Por Andrea Slachevsky, neuróloga Junio 12, 2014

Nos gusta pensar que somos seres racionales, capaces de tomar las decisiones más apropiadas. Así lo postuló Jean Piaget al describir cómo la capacidad de razonamiento progresa con la edad hasta culminar en el razonamiento lógico deductivo, en el que se combinan múltiples hipótesis para encontrar la solución adecuada. Pero desde los años 90, este modelo ha sido cuestionado. Jonathan Evans, en su libro Bias in Human Reasoning, mostró que cometemos habitualmente errores de razonamiento en tareas de lógica elemental, sugiriendo que generalmente usamos estrategias  heurísticas, rápidas, automáticas, sujetas a sesgos y errores de juicio. Somos capaces de aplicar la lógica, pero una de las características del cerebro humano es más bien alejarse de ella. El Premio Nobel de Economía Daniel Kanheman, mostró que ese sistema rápido e intuitivo es la base de la mayoría de nuestras decisiones. Como lo ilustra Dan Ariely en Predictably Irrational: The Hidden Forces That Shape Our Decisions, nuestras decisiones suelen ser  irracionales y sesgadas por múltiples causas. Por un lado, erramos al evaluar la  realidad: no vemos las cosas como son. Por ejemplo, en la ilusión  de Ebbinghaus Titchen (en la imagen de esta página) vemos dos círculos contiguos: uno rodeado de círculos pequeños y otro de círculos grandes. Pues bien: los dos círculos centrales son iguales, pero percibimos que el que está rodeado de círculos grandes es más pequeño. “Observamos siempre las cosas que nos rodean en relación con otras cosas. Nos es imposible evitarlo”. Y el marketing se aprovecha de eso: cuando la sociedad Williams Sonoma comercializó la primera máquina para hacer pan casero, poca gente se interesó.  Ante esto, comercializaron un nuevo modelo más caro y más grande.  Las ventas del primer modelo se dispararon, simplemente porque los clientes podían comparar.

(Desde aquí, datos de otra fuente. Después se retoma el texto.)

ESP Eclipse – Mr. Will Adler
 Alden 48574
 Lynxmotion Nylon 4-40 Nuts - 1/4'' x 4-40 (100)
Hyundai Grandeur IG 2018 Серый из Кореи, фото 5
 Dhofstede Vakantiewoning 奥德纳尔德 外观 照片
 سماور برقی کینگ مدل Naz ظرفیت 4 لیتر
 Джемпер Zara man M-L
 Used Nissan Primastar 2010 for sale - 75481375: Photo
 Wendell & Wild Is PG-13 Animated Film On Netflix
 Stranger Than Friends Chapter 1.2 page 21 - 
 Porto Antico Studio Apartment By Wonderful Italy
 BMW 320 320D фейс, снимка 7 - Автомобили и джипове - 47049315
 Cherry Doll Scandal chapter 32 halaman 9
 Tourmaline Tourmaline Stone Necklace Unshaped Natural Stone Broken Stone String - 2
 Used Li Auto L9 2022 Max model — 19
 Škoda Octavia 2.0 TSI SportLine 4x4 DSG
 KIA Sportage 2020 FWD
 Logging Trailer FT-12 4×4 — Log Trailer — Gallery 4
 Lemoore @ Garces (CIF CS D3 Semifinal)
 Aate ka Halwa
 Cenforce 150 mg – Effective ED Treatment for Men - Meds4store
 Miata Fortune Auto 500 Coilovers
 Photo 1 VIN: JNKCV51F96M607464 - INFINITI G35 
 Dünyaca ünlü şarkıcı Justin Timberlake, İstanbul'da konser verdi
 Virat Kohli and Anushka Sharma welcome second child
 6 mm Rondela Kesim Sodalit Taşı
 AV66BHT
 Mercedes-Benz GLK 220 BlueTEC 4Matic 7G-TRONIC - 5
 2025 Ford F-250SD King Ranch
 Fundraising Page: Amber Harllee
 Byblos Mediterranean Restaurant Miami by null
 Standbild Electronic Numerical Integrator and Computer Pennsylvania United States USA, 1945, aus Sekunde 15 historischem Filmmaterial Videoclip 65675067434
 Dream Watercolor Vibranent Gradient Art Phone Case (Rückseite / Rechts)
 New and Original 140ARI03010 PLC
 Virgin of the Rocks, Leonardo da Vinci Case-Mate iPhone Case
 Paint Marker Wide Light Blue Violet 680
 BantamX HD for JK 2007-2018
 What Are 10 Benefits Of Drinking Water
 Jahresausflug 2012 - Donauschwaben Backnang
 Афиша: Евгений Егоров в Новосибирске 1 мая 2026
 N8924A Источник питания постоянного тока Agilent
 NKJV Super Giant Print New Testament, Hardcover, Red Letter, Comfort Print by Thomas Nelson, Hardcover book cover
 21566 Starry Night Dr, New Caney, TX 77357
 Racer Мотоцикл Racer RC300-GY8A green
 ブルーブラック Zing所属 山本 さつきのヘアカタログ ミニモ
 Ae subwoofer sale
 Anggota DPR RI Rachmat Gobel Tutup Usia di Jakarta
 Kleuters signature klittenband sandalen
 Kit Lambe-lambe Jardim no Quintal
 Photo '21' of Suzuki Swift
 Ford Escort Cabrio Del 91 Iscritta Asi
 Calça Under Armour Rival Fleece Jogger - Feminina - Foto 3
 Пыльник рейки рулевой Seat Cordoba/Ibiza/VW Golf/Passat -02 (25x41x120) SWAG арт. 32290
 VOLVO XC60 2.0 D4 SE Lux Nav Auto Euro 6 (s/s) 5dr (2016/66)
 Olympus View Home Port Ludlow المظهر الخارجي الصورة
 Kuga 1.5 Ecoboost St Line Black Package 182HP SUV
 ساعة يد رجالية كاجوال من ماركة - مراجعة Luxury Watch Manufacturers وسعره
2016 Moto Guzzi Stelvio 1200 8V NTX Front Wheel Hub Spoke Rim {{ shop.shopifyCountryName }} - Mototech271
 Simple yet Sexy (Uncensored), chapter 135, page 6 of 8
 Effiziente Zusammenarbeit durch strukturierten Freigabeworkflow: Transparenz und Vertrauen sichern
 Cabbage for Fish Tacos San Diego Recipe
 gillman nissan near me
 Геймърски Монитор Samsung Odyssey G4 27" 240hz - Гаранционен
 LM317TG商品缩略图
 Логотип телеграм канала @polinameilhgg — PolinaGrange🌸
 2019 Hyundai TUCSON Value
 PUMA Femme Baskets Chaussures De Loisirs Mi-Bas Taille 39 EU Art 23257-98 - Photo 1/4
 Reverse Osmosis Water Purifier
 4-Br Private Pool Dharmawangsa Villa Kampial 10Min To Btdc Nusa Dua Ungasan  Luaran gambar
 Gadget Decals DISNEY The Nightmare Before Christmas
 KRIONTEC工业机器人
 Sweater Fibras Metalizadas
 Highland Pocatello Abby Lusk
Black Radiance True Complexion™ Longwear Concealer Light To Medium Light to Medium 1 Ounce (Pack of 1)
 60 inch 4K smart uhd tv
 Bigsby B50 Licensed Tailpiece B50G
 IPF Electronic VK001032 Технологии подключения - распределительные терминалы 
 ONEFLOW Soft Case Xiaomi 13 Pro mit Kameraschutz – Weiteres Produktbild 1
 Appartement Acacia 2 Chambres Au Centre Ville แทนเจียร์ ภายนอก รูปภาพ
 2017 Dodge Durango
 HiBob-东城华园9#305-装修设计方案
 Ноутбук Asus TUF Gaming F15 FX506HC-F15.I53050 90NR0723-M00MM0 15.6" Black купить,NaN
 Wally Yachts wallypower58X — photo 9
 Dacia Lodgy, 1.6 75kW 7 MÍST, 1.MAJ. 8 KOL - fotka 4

Además, nuestras expectativas determinan nuestras valoraciones. Ariely y colaboradores pidieron a estudiantes elegir entre dos cervezas, A y B.  La B se elaboró a partir de A añadiendo vinagre y sal.  Los sujetos que conocían los ingredientes de B la encontraban intomable. Pero al elegir entre las dos cervezas a ciegas, los sujetos no mostraron ninguna preferencia.  Y aquellos que habían elegido B pedían repetirse, incluso después de conocer su composición. También el precio genera sesgos: Ariely y colaboradores ganaron el Premio Ig Nobel al mostrar que un placebo de 5 dólares era más eficaz como analgésico que el mismo placebo pero a 50 centavos de dólar.

Por otro lado, Ariely muestra que también erramos al actuar. Por ejemplo, nos cuesta fijarnos objetivos a largo plazo y postergar recompensas inmediatas, lo que explicaría nuestra dificultad para ahorrar. También se ha sugerido que es nuestra aversión a la pérdida la que nos lleva a comprar bienes innecesarios durante las liquidaciones.

¿Significa todo esto que debemos dejar que un experto tome las decisiones por nosotros? Ciertamente no, pues él o ella también suelen cometer errores. Conocer nuestra irracionalidad ayuda a construir salvaguardias. Algunas son jocosas, como la tarjeta de crédito autocontrol propuesta por Ariely, que nos advierte de gastos excesivos: “Le informamos  que su esposo, Dan Ariely, un ciudadano generalmente honesto, sobrepasó en 73,25 dólares su límite de gasto mensual en chocolate (50 dólares)...”.  Otras son bien conocidas, incuestionables y reconocidamente efectivas: la empresa privada confía sus decisiones importantes a un directorio, un ente colectivo, y no a una persona individual. Por algo será.